## Books Data Engineering ETL

Spring 2024, by Oliver Seymour


#### My Data Sources:

Goodreads books and reviews: https://www.kaggle.com/datasets/jealousleopard/goodreadsbooks

Audible books and reviews: https://www.kaggle.com/code/satyanarayanam/cleaning-audible-dataset/input

***add another here

## Installs and imports

In [None]:
# TODO: uncomment these!!
# %pip install pandas

In [None]:
import pandas as pd

# Extract

## Load data

In [None]:
audible_df = pd.read_csv('Data/audible.csv')#, encoding='ISO-8859-1')
display(audible_df.head())

# TODO: fix issues with goodreads import!!
# used the chardet library to find with ~70% confidence that this is the right encoding for this file
# goodreads_df = pd.read_csv(sep=';', encoding='ISO-8859-1')
# display(audible_df.head())

## Explore data

### Exploring the Goodreads dataset

### Exploring the Audible dataset

In [None]:
with pd.option_context('display.min_rows', 10000):
	display(cleaned_audible_df)

In [None]:
# what is the shape?
audible_df.shape

In [None]:
# how many NAs are there?
audible_df.isna().sum()

In [None]:
# Let's see if the author column always starts with 'Writtenby:'
display(audible_df[~audible_df['author'].str.contains(pat=r'^Writtenby:', regex=True)])
# wow ok, there are 0 rows that don't have that starting, that will be easy to clean

# and if the narrator column always starts with 'Narratedby:'
display(audible_df[~audible_df['narrator'].str.contains(pat=r'^Narratedby:', regex=True)])
# ok nice, once again they all follow that pattern

In [None]:
# Now that we know these columns always start with 'Writtenby:' and 'Narratedby:', how can we split up the first and last names?
# regex: first 'Writtenby: and then either one or more of: (a capital letter followed by one or more lowercase letters), 
# basically just FirstNameOrMaybeMoreName
# or (one or more of: (a capital letter followed by a period), i.e. for an initial, followed by a capital letter and then one or more lowercase
# basically A.B.LastNameMaybeMore


# display(audible_df[~audible_df["author"].str.contains(pat=r"^Writtenby:( (([A-Z][a-z]+)+ | (([A-Z][.])+[A-Z][a-z]+))+[,]* )")])
# display(audible_df[audible_df["author"].str.contains(pat=r"^Writtenby:((([A-Z][.])+[A-Z][a-z]+)+[,]*)")])
display(audible_df[~audible_df["author"].str.contains(pat=r"^Writtenby:([A-Z][a-z]+)+")])

In [None]:
# let's check for inconsistencies in the formatting of the 'time' column
# do they all have 'and'?
display(audible_df[~audible_df['time'].str.contains(pat=r'and', regex=True)].head())
# ok not all do

# do they all follow the <numbers><space><letters> etc. pattern?
display(audible_df[~audible_df['time'].str.contains(pat=r'^\d+\s+[A-Za-z]+')].head())
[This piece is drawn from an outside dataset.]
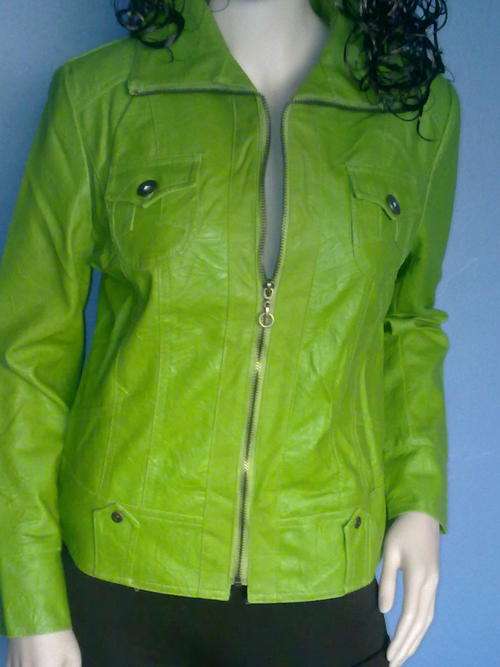 STUNNING GREEN LEATHER LADIES JACKET AVAILABLE SIZES 8,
# let's get the unique values:
audible_df.loc[~audible_df['time'].str.contains(r'^\d+\s+[A-Za-z]+', regex=True), 'time'].unique()
# ok seems like it always contains 'and', except if the value is 'Less than 1 minute'

In [None]:
# How often is the stars column 'Not rated yet', or some other string that doesn't contain a digit?
display(audible_df[~audible_df['stars'].str.contains(r'\d')].shape)
# wow that's a lot of books that aren't rated yet!
display(audible_df[~audible_df['stars'].str.contains(r'\d')])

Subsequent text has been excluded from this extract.